Q: We create these ideal processes on paper, but what people do Is very different. How do we solve this, and are there any consequences for not using it?
- A: 8-Steps clearly sets the baseline for the UX team’s baseline expectations. Change takes time. 8-Steps and related OKRs are to be used as justification for needed improvements, with the entire org. referring to the same standardized 8-Steps presentations and reference documentation and training materials
Q: Where do North Stars, journeys, and larger, cross-enterprise initiatives and flows fit in?
- A: They fit into Steps 2–4. Once features are ready to be developed by engineers and translated into sprint tasks that are handed off to engineering, they map to steps 5–8. HOWEVER, You might still have Jira / Rally tasks (step 5) showing work allocation for designers who are busy working on design steps 1–4 within your engineering sprint planning tool.
Q: I don’t have a UX researcher on my team. What do I do for UX research and testing?
- A: The UX Lead is responsible for ensuring the right level of research is done- whether conducted by UX, in partnership with researchers, outsourcing/contracting, via other sources like CX, etc. If you don’t have the skills/ training/ time, consult the research team to guide you.
Q: How much time is needed for each step?
- A: It’s up to the UX lead to decide, and it will vary widely by product and feature. Some teams follow 2-week sprints; others are longer/ shorter. Some have 1-year release cycles; others release continuously. Some initiatives are huge multi-year initiatives; others are small enhancements.
Q: I’m Concerned 8-Steps will be seen as a “Waterfall”, “Too Many Steps”, “Too Complicated” or Contribute to the idea “UX is Too Slow/ Takes Too Long”

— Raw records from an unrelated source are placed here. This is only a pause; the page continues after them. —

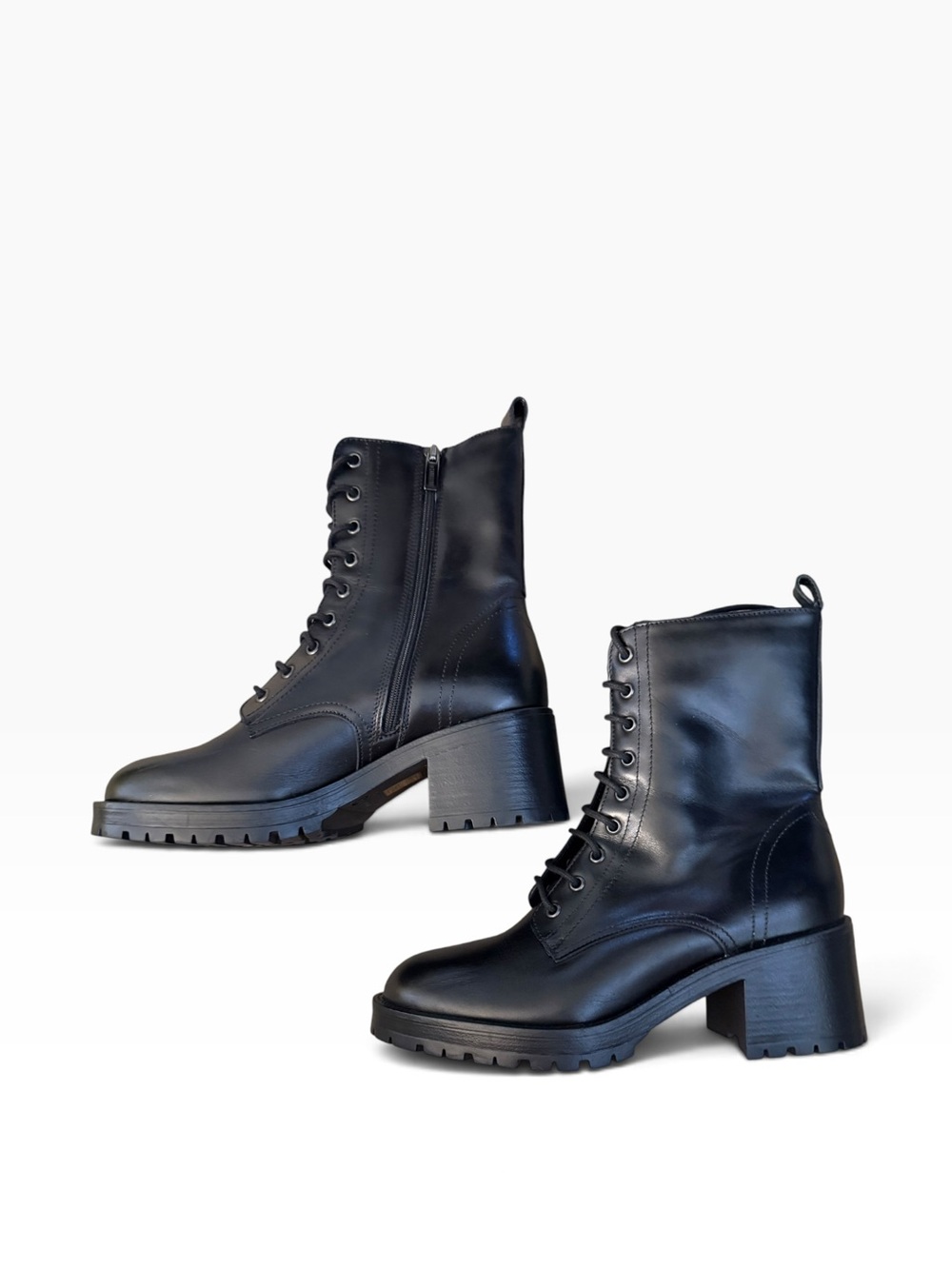 La Canadienne Wesley Waterproof Black Combat Boots – Sz EU40/US10 - Picture 5 of 8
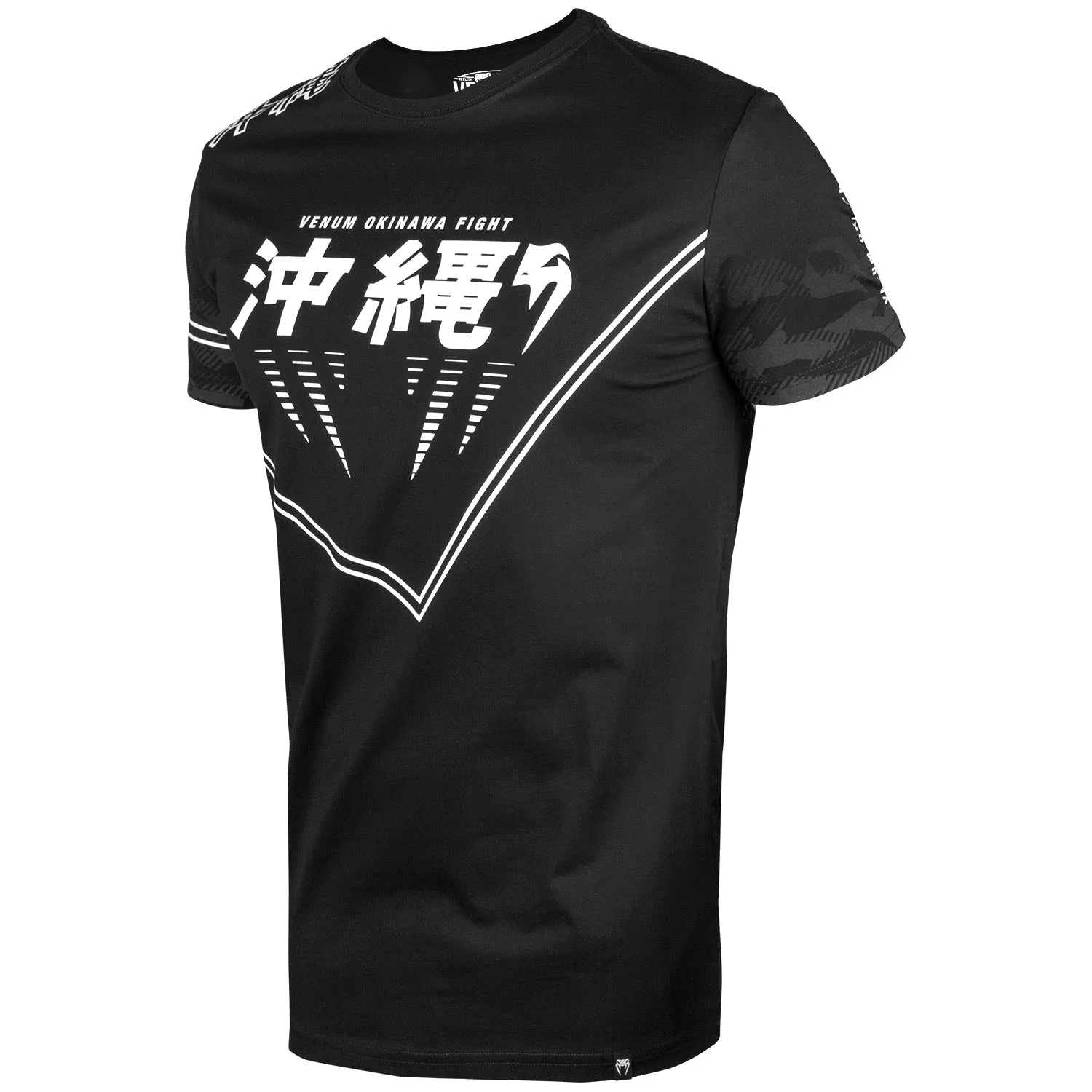 T-shirt Venum Okinawa 2.0 - Noir/Blanc - Image 2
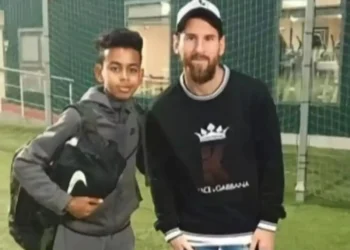 Lamine Yamal y Lionel Messi
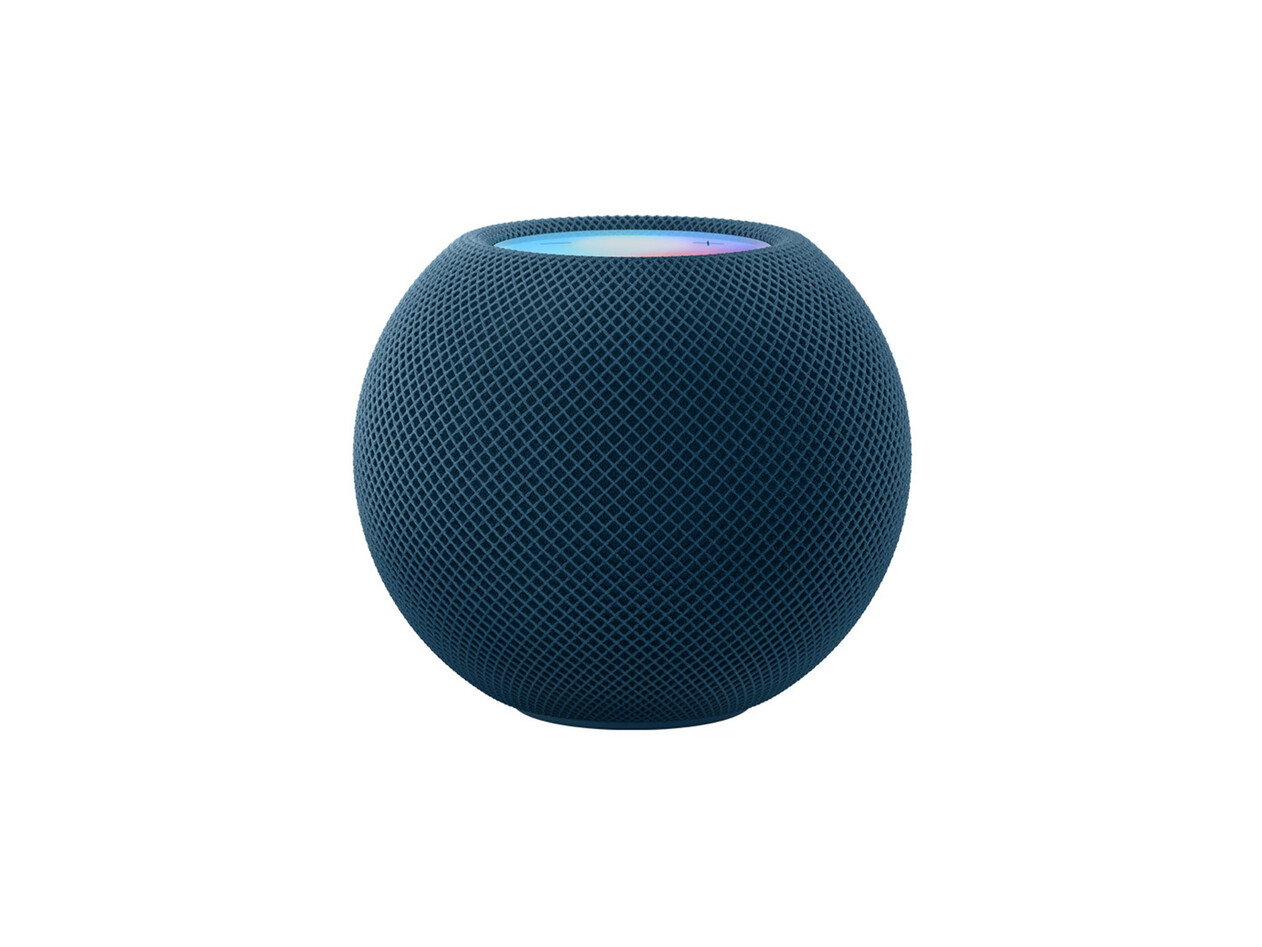 Sie sehen das Produkt HomePod mini, blau, Produktbild: 01 HomePod mini, blau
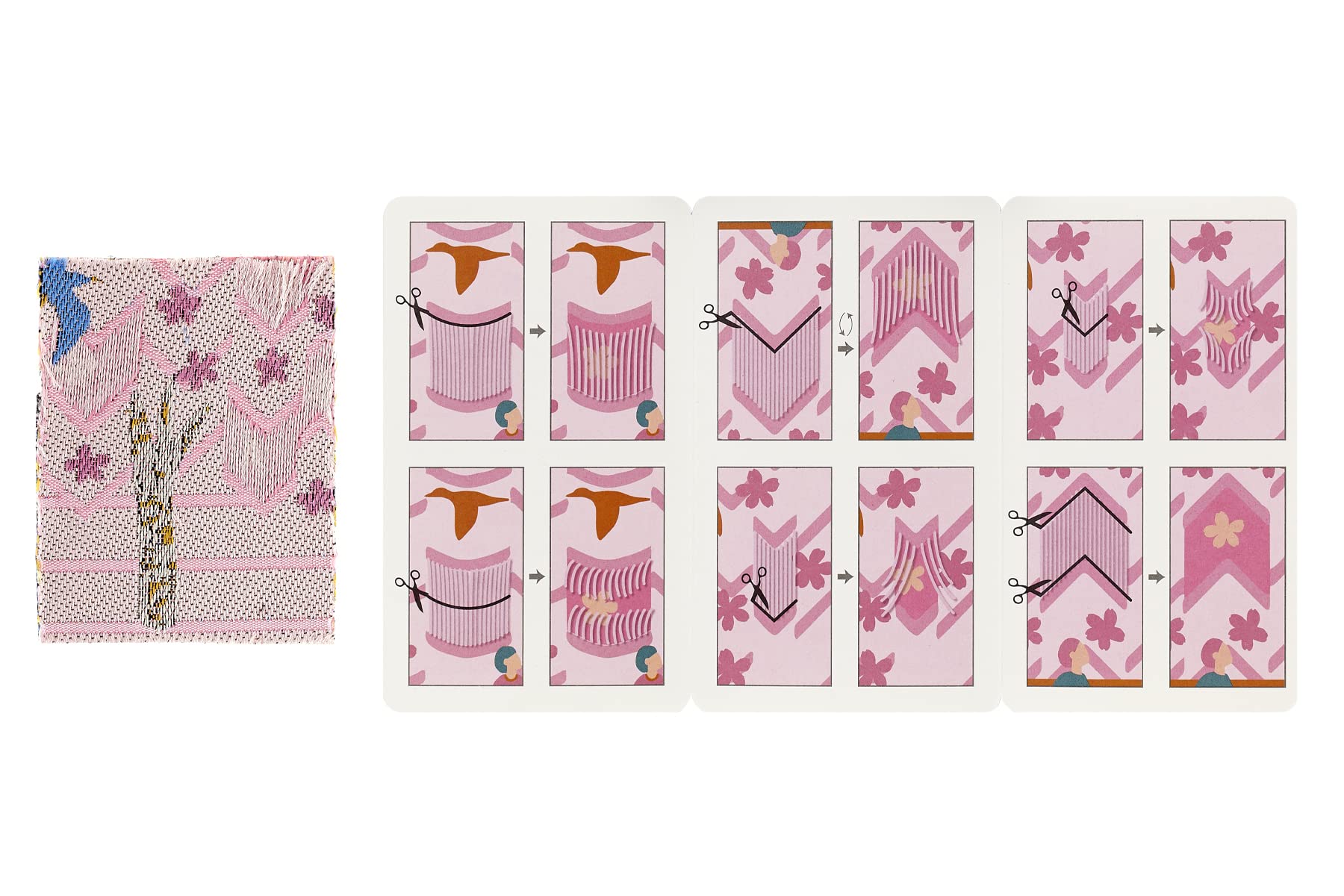 Moleskine Scatola da Collezione Sakura, Set con Taccuino in Edizione Limitata, Taccuino Sakura, Copertina Rigida in Tessuto, Dimensioni Large 13 x 21 cm, Colore Rosa Scuro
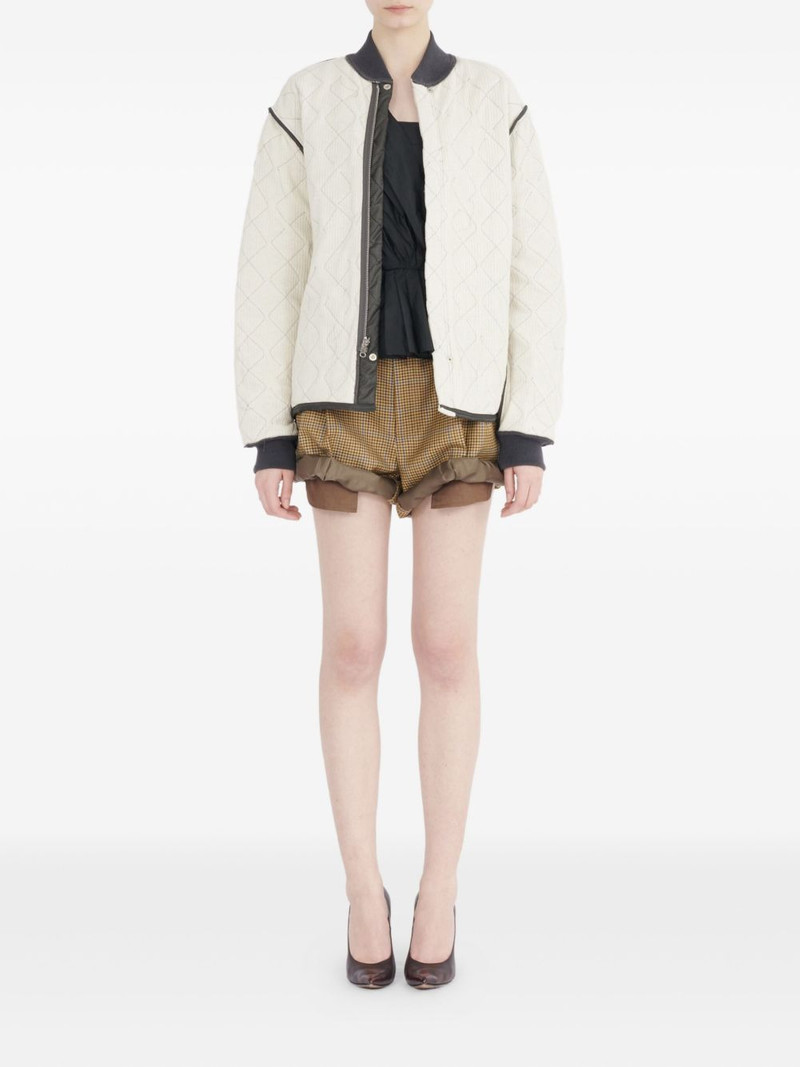 Maison Margiela quilted bomber jacket outlook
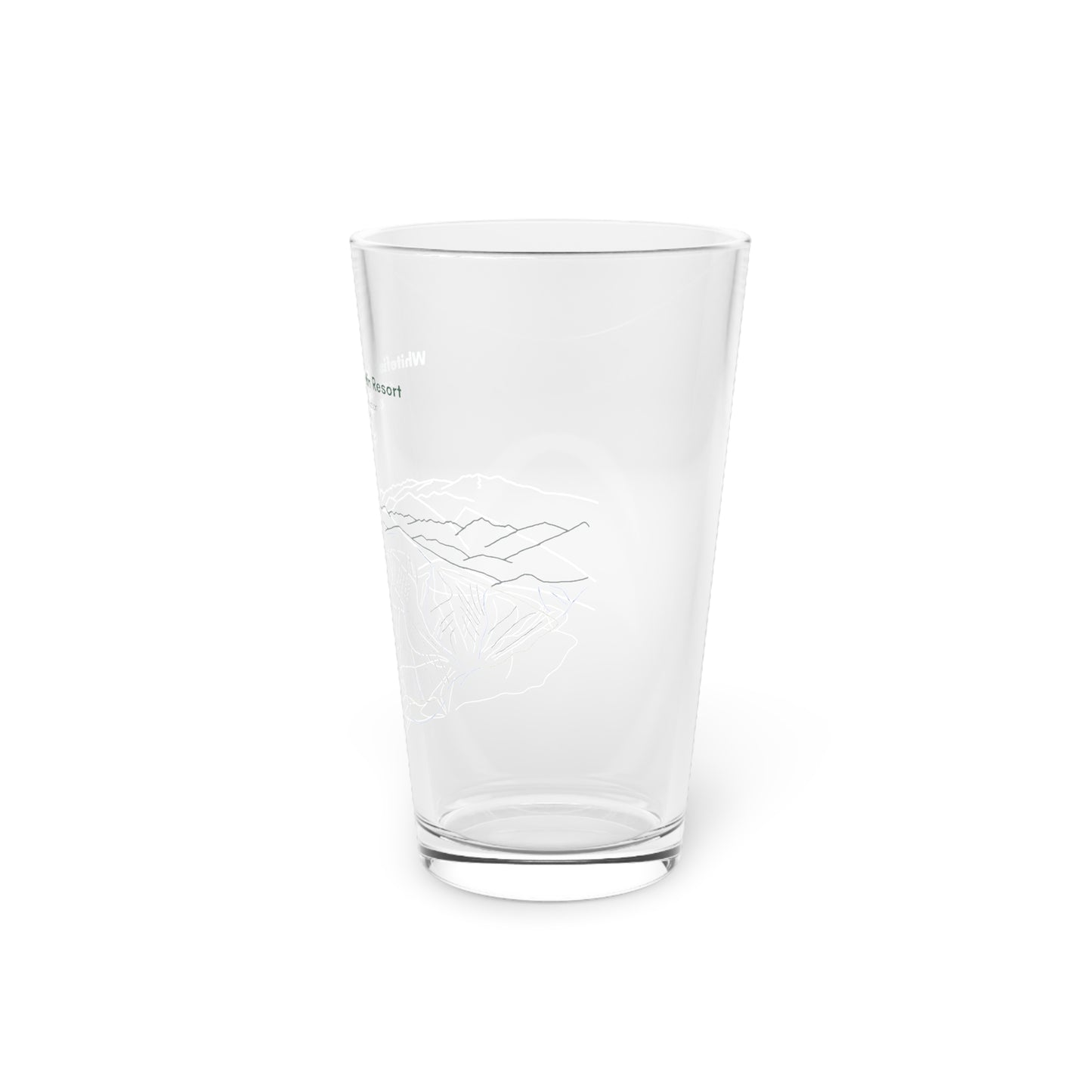 Whitefish Mountain Pint Glass, 16oz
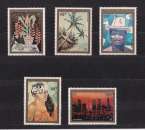 POLYNESIE  YT  PA n° 84/88   neuf **    1974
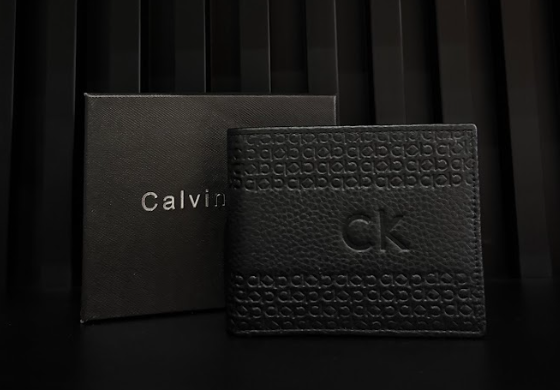 CARTERA CALVIN KLEIN "NEGRA CUERO CK"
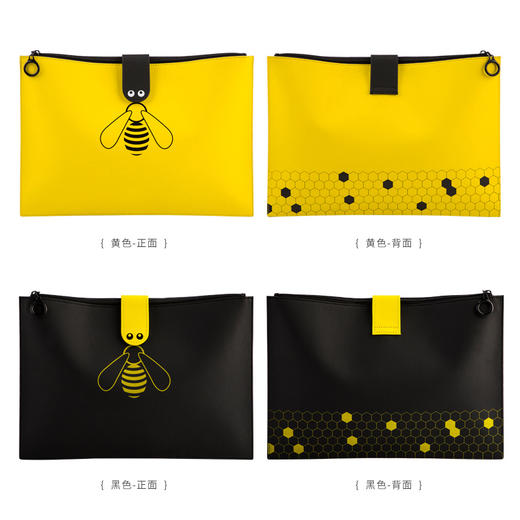 卡杰A4文件袋可爱韩国小清新收纳袋大容量拉链袋办公资料袋票据袋公文袋女学生用简约创意文具袋 商品图3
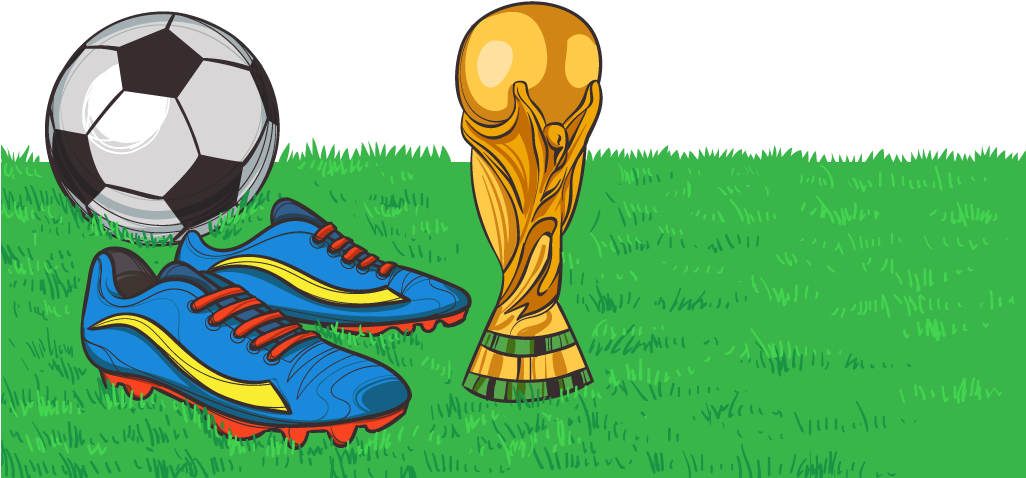 La Decoración De La Copa Del Mundo De Dibujos Animados - World Cup (1025x683), Png Download
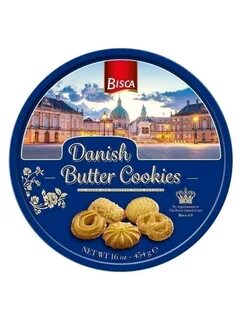 Печенье сдобное датское BISCA Butter Cookies в подарочной банке, 454 г Bisca 720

- A: 8-Steps is no more waterfall than any other engineering process with quality checks, tests, and planning. 8-Steps is iterative. That’s the crux of steps 3–4 and Steps 5–8 as part of Agile. UX 8 -teps should ultimately speed up delivery and product-market fit because the UX team will get what they need to execute and evaluate options earlier in the process.
Q: Do I have to always follow all 8-Steps for every design, feature, or initiative? What outputs or artifacts are “required” for each step? And why call it “8-Steps” if the UX Lead can choose to skip steps?
- A: UX 8-Steps defines the baseline expectation of what is needed to do proper end-end user-centered design. Having the steps there still sets an expectation for research, conception, etc. We shouldn’t be regularly skipping steps for any product, but per release/ feature, and in some circumstances, a step may not make sense. Given this, the UX Lead is empowered to skip steps. Example: you may already have requirements and staffing (step 1), personas and audience knowledge (2), North Star designs and concepts vetted (3–4), which means focusing on individual features at the sprint level (5+). The UX Lead also decides which artifacts will be most valuable to produce for handoff, based on that specific team’s expectations. For some products, UX might deliver workflows; others, pixel-perfect designs; others, Figma files; others, UI code; others, written specs… It’s entirely up to the leader to decide.